Nis is one of the oldest cities in the Balkans and with around 250,000 residents is the third largest in Serbia and the capital of the Nisava District. It is located in southern Serbia, at the crossroads of the most important Balkan and European routes connecting Europe with the Middle East.
In Niš, the main road, which runs from the north via the Morava valley, forks southward via the South Morava-Vardar valley (towards Thessaloniki and Athens), while the east road runs through the Nišava-Marica valley towards Sofia, Istanbul and the Middle East. In the Roman period, the second road was called the Via militaris, whereas in the Middle Ages it was called the Constantinople Road.
The most important cultural and historical attractions in Niš are the Mediana – a large 4th-century Roman estate; Nis Fortress – the best-preserved Turkish fortress in the central Balkans, built in 1723 and containing the remains of Roman Naissus in its foundations; the Skull Tower (Cele Kula); Cegar, where a monument stands on the site of the battle between Stevan Sindjelic and the Turks; the Monument to the Liberators of Nis – erected in 1937 in memory of the fight for the liberation of Niš; the Red Cross Camp – a Nazi concentration camp; and Bubanj Memorial Park – one of the largest Second World War execution sites in Serbia.

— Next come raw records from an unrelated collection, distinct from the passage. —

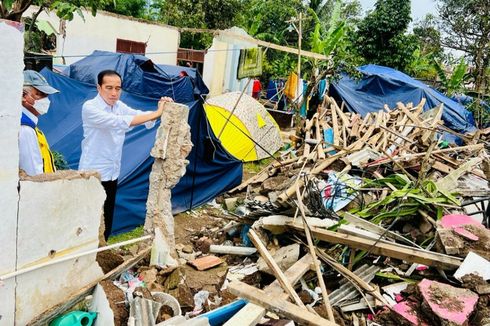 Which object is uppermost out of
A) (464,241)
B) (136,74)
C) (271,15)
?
(271,15)

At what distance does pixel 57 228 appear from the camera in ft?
8.29

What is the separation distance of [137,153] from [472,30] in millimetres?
15637

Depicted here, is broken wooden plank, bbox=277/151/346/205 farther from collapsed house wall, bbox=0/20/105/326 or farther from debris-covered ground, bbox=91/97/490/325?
collapsed house wall, bbox=0/20/105/326

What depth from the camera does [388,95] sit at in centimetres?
1454

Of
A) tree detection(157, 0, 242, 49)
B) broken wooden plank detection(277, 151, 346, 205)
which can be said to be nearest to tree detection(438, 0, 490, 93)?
tree detection(157, 0, 242, 49)

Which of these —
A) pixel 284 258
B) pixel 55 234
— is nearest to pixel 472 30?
pixel 284 258

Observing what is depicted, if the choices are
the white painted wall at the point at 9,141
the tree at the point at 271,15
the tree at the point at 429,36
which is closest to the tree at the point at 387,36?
the tree at the point at 429,36

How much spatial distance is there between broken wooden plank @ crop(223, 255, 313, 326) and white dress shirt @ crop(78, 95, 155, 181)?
166 cm

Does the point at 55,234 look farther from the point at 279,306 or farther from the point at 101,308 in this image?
the point at 279,306

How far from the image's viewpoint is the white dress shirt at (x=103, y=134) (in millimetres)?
3561

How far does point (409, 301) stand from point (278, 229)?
1.57 metres

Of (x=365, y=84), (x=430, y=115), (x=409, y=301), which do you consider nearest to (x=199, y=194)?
(x=409, y=301)

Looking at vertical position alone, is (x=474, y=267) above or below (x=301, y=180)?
below

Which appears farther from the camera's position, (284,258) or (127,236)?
(127,236) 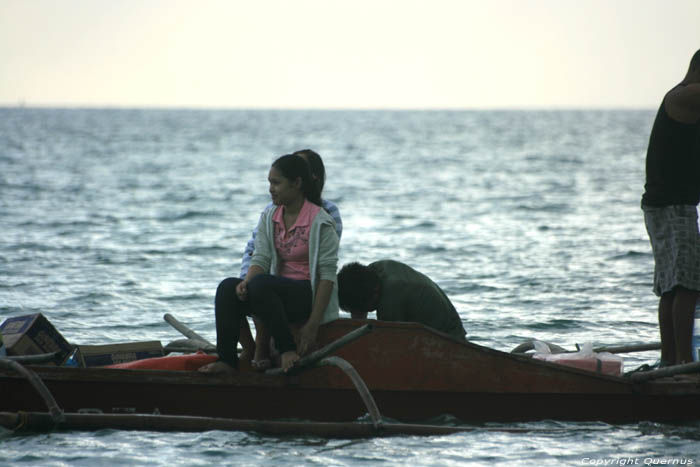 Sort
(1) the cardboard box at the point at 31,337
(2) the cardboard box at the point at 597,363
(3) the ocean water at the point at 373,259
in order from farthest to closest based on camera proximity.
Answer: (2) the cardboard box at the point at 597,363 → (1) the cardboard box at the point at 31,337 → (3) the ocean water at the point at 373,259

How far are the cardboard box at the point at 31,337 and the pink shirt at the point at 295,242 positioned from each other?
1722 mm

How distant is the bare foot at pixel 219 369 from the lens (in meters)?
6.52

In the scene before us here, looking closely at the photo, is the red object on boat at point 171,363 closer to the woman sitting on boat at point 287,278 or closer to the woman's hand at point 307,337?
the woman sitting on boat at point 287,278

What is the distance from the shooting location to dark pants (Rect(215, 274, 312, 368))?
6.28 meters

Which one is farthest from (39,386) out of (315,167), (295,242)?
(315,167)

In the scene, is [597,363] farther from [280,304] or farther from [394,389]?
[280,304]

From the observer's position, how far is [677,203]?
6641 millimetres

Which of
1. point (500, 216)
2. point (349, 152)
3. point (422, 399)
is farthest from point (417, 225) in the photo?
point (349, 152)

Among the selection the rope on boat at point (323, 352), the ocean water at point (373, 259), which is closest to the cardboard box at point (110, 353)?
the ocean water at point (373, 259)

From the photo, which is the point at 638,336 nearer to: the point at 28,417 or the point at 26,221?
the point at 28,417

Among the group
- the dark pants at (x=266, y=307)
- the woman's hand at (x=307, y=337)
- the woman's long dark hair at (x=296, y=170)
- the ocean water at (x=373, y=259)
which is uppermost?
the woman's long dark hair at (x=296, y=170)

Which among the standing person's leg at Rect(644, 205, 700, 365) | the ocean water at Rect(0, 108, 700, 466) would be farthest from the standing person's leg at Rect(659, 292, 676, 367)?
the ocean water at Rect(0, 108, 700, 466)

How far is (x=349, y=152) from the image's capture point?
71188mm

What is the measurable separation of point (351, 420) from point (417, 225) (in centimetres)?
1798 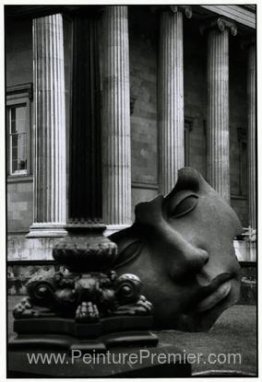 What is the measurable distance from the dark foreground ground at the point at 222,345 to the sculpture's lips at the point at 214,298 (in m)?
0.62

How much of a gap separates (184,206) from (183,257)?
144 centimetres

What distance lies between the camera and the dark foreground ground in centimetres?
951

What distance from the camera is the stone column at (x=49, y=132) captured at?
25.1 m

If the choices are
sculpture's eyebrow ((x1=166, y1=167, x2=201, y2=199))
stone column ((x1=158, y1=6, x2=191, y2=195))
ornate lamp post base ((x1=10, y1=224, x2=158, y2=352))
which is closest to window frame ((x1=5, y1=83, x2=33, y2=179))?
stone column ((x1=158, y1=6, x2=191, y2=195))

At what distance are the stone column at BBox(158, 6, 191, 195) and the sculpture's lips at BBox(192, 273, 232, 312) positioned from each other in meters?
20.1

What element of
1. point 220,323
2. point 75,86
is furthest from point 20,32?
point 75,86

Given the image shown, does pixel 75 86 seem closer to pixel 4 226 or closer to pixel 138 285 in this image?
pixel 4 226

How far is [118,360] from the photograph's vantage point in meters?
6.85

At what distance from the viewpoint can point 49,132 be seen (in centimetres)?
2530

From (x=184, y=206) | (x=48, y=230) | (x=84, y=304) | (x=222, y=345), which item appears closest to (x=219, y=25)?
(x=48, y=230)

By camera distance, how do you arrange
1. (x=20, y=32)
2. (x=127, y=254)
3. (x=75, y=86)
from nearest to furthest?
(x=75, y=86)
(x=127, y=254)
(x=20, y=32)

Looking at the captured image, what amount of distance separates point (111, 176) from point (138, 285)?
1979 centimetres

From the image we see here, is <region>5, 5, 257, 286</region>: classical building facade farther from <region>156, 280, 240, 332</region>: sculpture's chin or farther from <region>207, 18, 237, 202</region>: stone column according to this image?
<region>156, 280, 240, 332</region>: sculpture's chin

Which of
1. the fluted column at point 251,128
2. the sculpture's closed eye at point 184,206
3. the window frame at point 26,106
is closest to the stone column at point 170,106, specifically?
the window frame at point 26,106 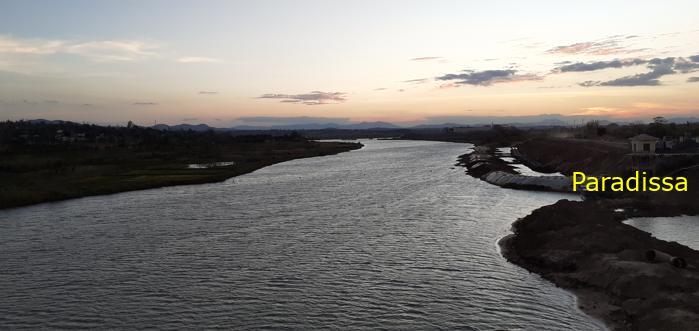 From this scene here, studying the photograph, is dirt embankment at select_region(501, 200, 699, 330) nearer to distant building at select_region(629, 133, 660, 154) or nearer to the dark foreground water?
the dark foreground water

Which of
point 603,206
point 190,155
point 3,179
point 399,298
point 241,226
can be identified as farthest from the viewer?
point 190,155

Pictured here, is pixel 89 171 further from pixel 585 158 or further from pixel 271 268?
pixel 585 158

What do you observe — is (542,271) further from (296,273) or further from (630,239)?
(296,273)

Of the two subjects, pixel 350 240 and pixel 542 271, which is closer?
pixel 542 271

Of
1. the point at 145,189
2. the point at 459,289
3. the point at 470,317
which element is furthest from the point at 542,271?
the point at 145,189

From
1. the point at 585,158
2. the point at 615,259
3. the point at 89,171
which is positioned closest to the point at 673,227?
the point at 615,259

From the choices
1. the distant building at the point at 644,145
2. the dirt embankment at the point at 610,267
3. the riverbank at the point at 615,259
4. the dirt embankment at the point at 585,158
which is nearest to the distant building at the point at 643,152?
the distant building at the point at 644,145

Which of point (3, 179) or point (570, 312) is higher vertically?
point (3, 179)

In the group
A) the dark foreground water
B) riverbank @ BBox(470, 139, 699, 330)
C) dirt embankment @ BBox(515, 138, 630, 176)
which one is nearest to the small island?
the dark foreground water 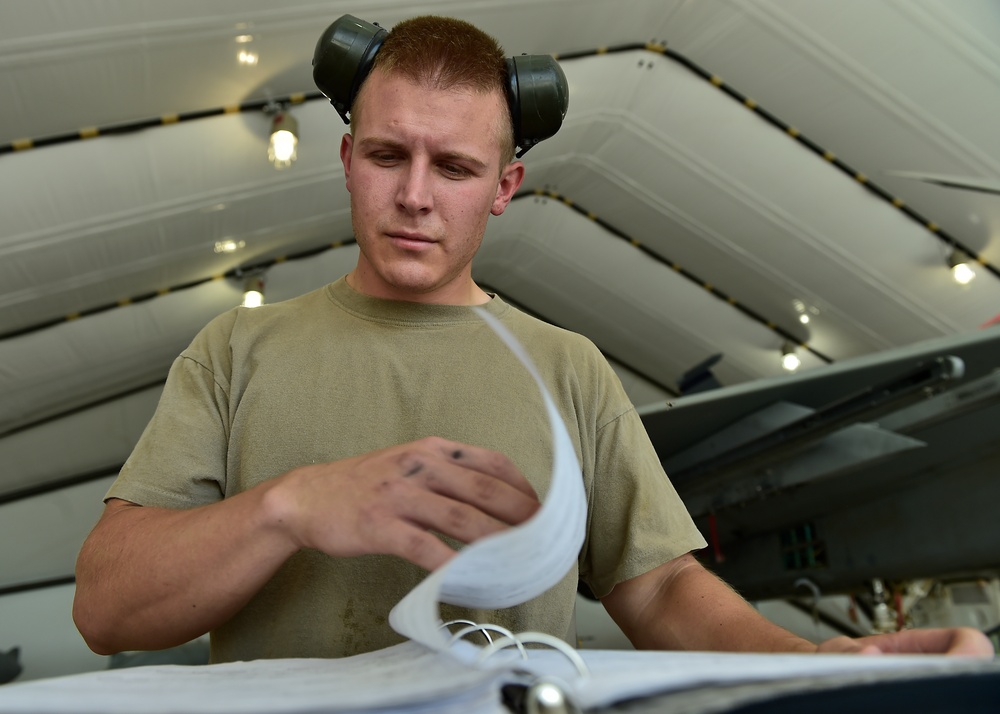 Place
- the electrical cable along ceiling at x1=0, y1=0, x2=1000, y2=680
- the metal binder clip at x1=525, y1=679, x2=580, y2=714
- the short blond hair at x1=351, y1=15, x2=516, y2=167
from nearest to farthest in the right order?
the metal binder clip at x1=525, y1=679, x2=580, y2=714 → the short blond hair at x1=351, y1=15, x2=516, y2=167 → the electrical cable along ceiling at x1=0, y1=0, x2=1000, y2=680

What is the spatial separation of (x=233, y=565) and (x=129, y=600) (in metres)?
0.11

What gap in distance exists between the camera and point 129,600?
61 cm

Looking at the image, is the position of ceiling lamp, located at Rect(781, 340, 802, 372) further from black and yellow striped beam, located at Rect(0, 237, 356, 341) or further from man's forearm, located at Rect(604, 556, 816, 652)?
man's forearm, located at Rect(604, 556, 816, 652)

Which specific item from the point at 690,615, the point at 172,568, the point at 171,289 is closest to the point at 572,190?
the point at 171,289

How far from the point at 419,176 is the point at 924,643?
57 centimetres

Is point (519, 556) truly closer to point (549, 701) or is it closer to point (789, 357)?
point (549, 701)

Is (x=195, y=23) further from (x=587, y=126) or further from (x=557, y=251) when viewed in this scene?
(x=557, y=251)

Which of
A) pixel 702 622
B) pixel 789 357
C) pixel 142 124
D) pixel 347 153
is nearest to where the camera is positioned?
pixel 702 622

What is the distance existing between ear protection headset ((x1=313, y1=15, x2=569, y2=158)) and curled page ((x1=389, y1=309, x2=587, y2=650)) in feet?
1.86

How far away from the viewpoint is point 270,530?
544 mm

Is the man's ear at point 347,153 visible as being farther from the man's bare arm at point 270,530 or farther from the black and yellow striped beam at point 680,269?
the black and yellow striped beam at point 680,269

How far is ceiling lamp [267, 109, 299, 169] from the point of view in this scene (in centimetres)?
346

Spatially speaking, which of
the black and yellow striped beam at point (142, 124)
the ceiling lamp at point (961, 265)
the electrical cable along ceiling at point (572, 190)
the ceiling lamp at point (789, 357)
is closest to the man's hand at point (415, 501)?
the electrical cable along ceiling at point (572, 190)

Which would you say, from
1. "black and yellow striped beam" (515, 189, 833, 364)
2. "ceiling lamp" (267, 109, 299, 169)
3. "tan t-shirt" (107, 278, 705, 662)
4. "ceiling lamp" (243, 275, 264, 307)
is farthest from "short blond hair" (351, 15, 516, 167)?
"black and yellow striped beam" (515, 189, 833, 364) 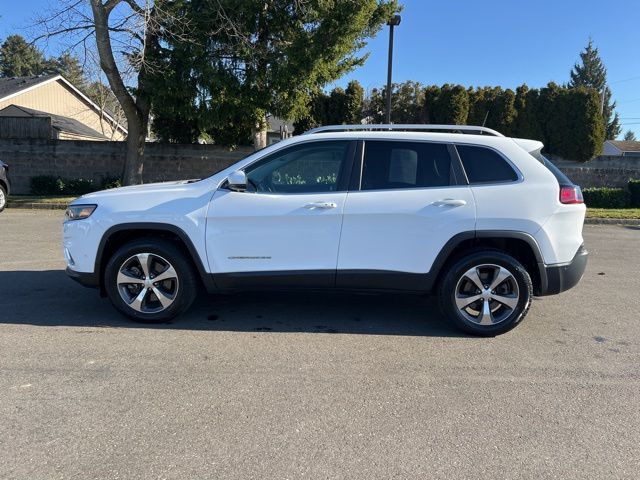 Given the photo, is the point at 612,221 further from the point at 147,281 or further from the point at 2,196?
the point at 2,196

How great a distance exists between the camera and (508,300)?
457 centimetres

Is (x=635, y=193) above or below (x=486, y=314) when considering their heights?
above

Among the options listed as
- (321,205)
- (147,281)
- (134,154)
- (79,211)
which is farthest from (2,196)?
(321,205)

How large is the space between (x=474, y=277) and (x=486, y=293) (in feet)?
0.61

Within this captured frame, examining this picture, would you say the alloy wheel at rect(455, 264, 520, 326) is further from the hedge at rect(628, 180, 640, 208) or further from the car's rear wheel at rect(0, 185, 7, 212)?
the hedge at rect(628, 180, 640, 208)

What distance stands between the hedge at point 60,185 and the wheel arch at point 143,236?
1349 cm

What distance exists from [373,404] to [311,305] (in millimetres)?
2224

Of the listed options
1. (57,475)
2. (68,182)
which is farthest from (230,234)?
(68,182)

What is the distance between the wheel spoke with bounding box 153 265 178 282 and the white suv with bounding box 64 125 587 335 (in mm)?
20

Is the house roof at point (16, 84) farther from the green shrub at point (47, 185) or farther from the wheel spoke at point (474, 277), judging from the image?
the wheel spoke at point (474, 277)

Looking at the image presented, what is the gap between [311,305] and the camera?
5.52 m

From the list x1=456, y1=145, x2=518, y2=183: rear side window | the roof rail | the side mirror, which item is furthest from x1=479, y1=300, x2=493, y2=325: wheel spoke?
the side mirror

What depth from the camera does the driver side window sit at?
4656 mm

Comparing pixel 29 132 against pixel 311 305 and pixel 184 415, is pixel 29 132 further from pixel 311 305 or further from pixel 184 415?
pixel 184 415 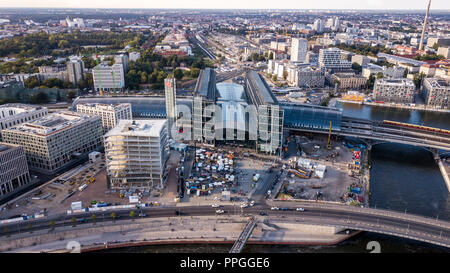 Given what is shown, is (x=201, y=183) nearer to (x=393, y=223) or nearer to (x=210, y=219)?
(x=210, y=219)

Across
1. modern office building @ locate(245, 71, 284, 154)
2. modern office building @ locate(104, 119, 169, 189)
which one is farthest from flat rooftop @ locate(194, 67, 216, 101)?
modern office building @ locate(104, 119, 169, 189)

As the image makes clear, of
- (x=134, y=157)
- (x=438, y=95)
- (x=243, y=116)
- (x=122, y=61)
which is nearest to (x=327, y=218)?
(x=134, y=157)

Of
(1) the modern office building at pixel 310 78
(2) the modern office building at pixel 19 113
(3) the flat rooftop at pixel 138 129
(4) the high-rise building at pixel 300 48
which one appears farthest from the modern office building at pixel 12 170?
(4) the high-rise building at pixel 300 48

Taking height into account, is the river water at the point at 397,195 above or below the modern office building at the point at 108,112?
below

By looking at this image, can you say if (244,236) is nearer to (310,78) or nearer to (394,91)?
(394,91)

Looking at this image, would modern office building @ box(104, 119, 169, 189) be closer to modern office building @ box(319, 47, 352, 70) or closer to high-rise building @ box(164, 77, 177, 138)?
high-rise building @ box(164, 77, 177, 138)

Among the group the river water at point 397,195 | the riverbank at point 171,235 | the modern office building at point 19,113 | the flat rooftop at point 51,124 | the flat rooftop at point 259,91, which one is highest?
the flat rooftop at point 259,91

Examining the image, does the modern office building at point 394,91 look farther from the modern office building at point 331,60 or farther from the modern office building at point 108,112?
the modern office building at point 108,112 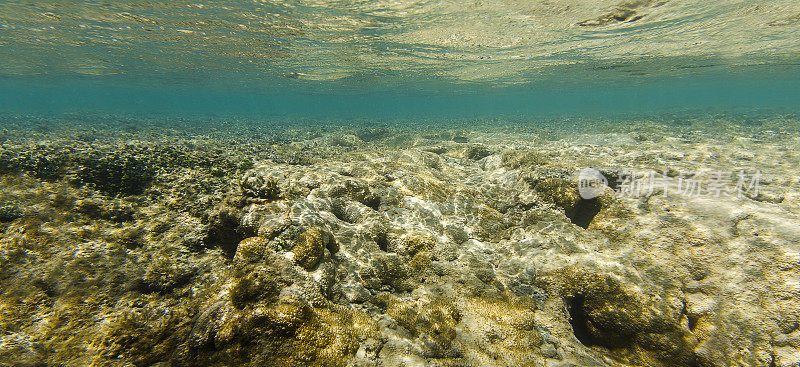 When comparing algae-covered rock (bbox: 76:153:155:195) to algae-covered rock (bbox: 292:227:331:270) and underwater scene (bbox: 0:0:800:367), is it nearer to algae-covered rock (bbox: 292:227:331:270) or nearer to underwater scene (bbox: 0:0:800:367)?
underwater scene (bbox: 0:0:800:367)

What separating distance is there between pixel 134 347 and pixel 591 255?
6.55 meters

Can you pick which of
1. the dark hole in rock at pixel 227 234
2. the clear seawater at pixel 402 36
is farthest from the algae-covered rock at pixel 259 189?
the clear seawater at pixel 402 36

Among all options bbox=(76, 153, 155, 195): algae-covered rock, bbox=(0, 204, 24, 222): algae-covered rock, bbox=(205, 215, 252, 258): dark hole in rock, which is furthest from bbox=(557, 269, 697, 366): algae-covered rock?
bbox=(0, 204, 24, 222): algae-covered rock

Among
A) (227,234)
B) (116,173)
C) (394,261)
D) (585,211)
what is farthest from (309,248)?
(585,211)

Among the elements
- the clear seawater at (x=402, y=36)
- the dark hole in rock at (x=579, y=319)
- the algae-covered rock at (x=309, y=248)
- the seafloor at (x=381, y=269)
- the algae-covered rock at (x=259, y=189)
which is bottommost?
the dark hole in rock at (x=579, y=319)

Picnic sites in the surroundings of Nis include the Sicevacka Klisura gorge – a 16 km-long protected natural feature with rare plants and animals; the Jelašnička Klisura gorge – a special 2 km-long nature reserve with waterfalls and rare plants and animals; the Bojanine Vode holiday resort; Kamenicki Vis – a holiday resort with winter sports facilities; andCerjanska Pecina cave, 4 km long, with spacious chambers beautifully decorated in cave formations (stalagmites, stalactites, etc.).